Exercise details: The reply should consist of one number, the count of lines below in which the word "Minimalist" appears.

[Short web captions]

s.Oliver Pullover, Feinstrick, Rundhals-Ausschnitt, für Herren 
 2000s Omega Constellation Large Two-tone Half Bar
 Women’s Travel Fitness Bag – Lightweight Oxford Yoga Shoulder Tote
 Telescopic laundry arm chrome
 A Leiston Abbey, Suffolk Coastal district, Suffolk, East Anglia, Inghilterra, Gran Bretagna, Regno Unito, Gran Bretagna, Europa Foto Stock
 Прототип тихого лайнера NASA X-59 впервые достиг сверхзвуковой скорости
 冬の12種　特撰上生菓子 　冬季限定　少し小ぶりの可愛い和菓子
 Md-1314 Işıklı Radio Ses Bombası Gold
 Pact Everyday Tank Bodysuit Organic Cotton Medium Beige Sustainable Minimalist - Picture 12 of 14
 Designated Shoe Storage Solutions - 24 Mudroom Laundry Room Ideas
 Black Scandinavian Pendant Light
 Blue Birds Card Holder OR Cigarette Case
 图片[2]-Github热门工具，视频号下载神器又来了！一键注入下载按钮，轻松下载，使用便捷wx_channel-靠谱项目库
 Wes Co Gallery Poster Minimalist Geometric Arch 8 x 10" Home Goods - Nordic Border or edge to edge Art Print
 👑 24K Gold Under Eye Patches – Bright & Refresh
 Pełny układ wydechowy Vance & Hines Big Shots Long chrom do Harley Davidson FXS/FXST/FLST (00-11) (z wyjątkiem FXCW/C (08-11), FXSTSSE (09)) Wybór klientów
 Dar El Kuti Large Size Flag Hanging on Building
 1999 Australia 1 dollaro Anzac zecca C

Result of the task: 2